LA PHYSIQUE ET SES IMPLICATIONS
"Du fondamental au quotidien"


 

LA NON-LOCALITE QUANTIQUE

 

Valerio Scarani
valerio.scarani@physics.unige.ch

GAP-Optique, Université de Genève

 

Il est bien connu que les phénomènes quantiques comportent des aspects étonnants. Par exemple, dans des expériences d'interférence à une seule particule, tel le montage des fentes de Young, on constate qu'une « particule » quantique est un objet « délocalisé », c'est-à-dire qu'elle explore tous les chemins possibles.

Des comportements encore plus étonnants que la délocalisation peuvent être mis en évidence en étudiant des systèmes composés par au moins deux particules – par exemple deux photons, ou un électron et un atome... On parle d' intrication (en anglais, entanglement ) entre les propriétés des sous-systèmes. Même si l'intrication est connue depuis longtemps au niveau du formalisme, seuls les travaux théoriques de John Bell (1964) et les expériences inspirées de ceux-ci (Aspect et collaborateurs, 1981-82) ont permis d'en mettre en évidence le caractère fortement non-classique.

Le montage expérimental le plus simple qui permet d'étudier l'intrication est le suivant : deux photons A et B sont produits par une même source et sont ensuite envoyés à grande distance l'un de l'autre. Si on effectue une mesure sur chacun des photon, on constate que les résultats des mesures sur A sont corrélés avec les résultats des mesures sur B. En étudiant de près cette corrélation, on se rend compte qu'elle n'est pas explicable en de termes classiques. D'une part en effet, étant donné que les photons sont distants, la corrélation ne peut pas être due à un échange d'information, car l'hypothétique signal devrait se propager plus vite que la lumière. D'autre part, on peut aussi montrer que les corrélations ne dérivent pas uniquement de la préparation commune (critère de la violation des inégalités de Bell) : elles s'établissent vraiment au moment de la mesure. Puisque des corrélations s'établissent à distance sans besoin d'un signal, on parle de non-localité quantique .

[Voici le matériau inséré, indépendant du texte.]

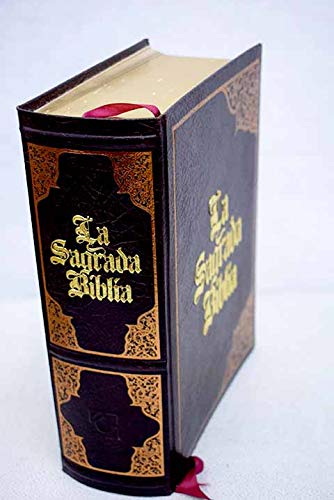 9788481220001: Sagrada biblia, la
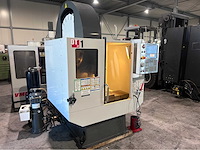 2011 haas dt-1 cnc universeel machinecentrum - afbeelding 1 van  15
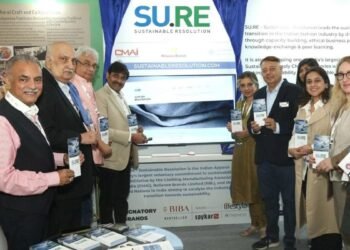 CMAI connects 600 Plus Vendors to Sustainable Fashion via SU.RE Website and Supply Chain Directory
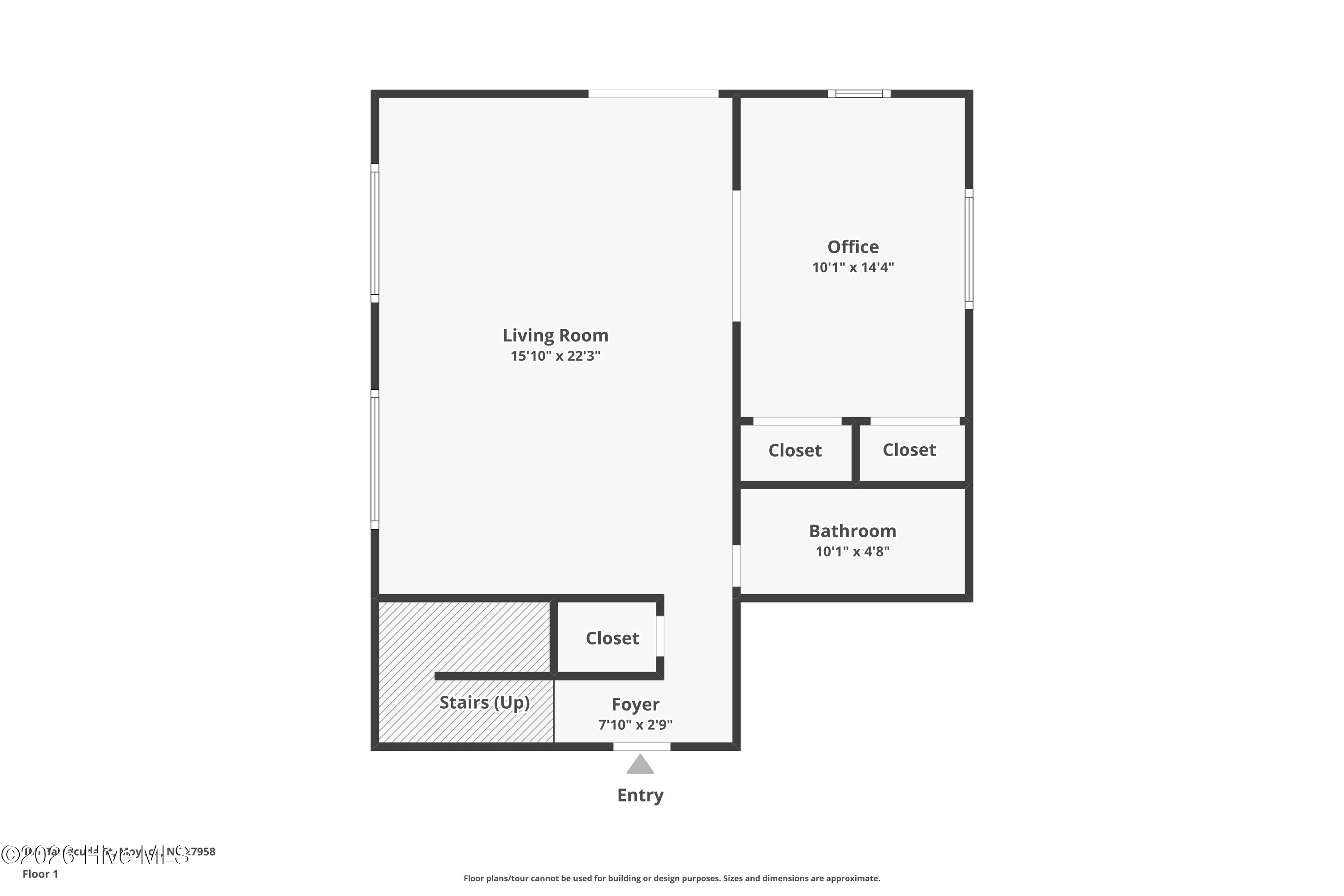 105 Barracuda Street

Alors que les interférences obtenues dans les fentes de Young peuvent être obtenues avec une onde classique (et ont donc suggéré l'image traditionnelle du « dualisme onde-corpuscule »), aucun système physique classique ne peut donner lieu à des corrélations non-locales. C'est pourquoi l'intrication est considérée depuis quelques années comme le vrai cœur de la physique quantique.

L'exposé sera structuré comme suit :

  1. Description générale de la famille d'expériences permettant de mettre en évidence les corrélations quantiques entre deux particules.
  2. Dérivation de l'inégalité de type Bell inventée par Clauser, Horne, Shimony et Holt pour tester les corrélations quantiques à deux particules.
  3. Présentation de l'argument de non-localité de Greenberger, Horne et Zeilinger qui met en jeu trois particules.